## [Work order]
Go through the listing below and write out exactly the lines from the one that mentions "Listing Picture 3" through the one that mentions "Amouage Interlude EDP W - Niche Essence", minus the pictures.

## [Information supplied]
-- Opening Marker --
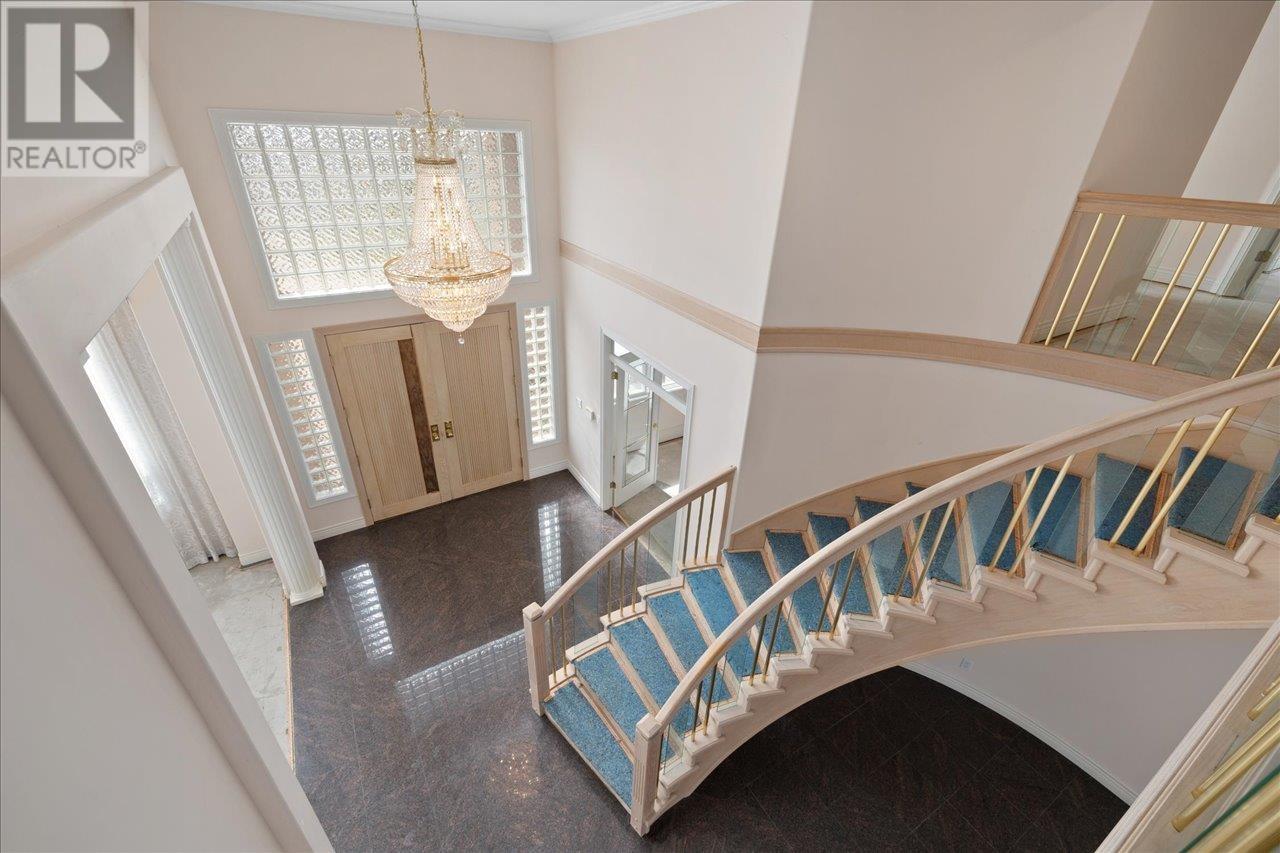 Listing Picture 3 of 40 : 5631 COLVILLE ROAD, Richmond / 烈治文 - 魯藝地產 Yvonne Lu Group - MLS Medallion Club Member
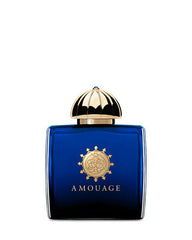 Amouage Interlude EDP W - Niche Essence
-- Closing Marker --
-- Opening Marker --
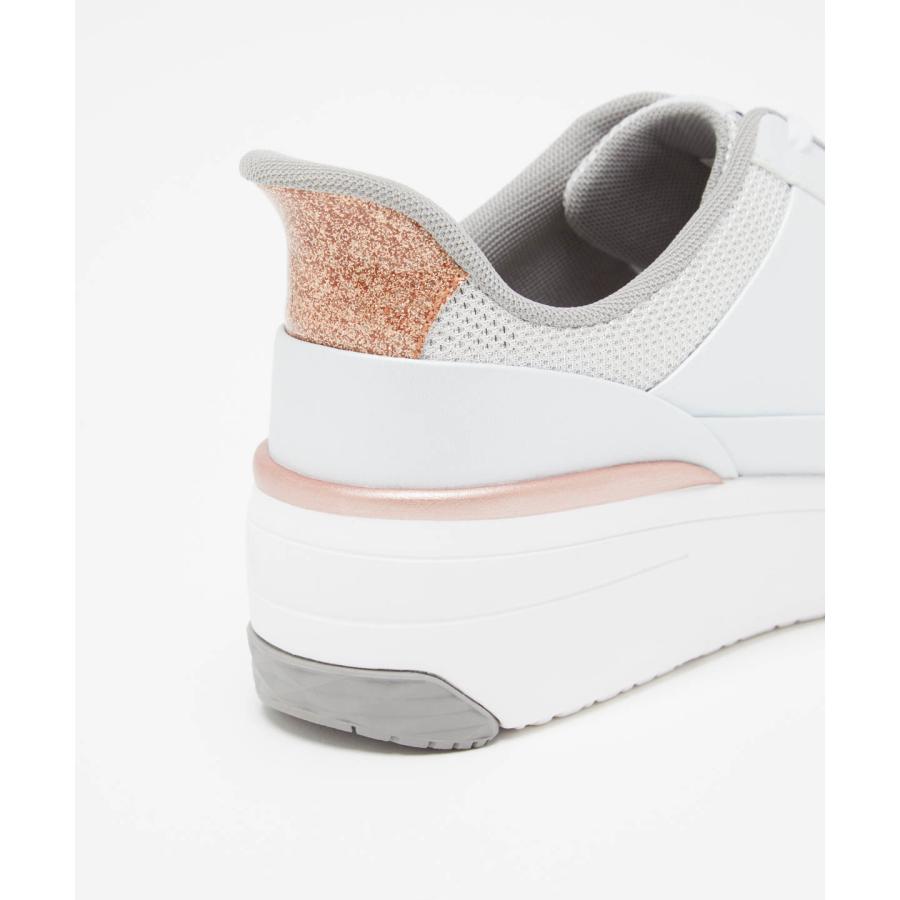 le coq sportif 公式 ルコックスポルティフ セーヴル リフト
-- Closing Marker --
## [Reply]
 Listing Picture 3 of 40 : 5631 COLVILLE ROAD, Richmond / 烈治文 - 魯藝地產 Yvonne Lu Group - MLS Medallion Club Member
 Amouage Interlude EDP W - Niche Essence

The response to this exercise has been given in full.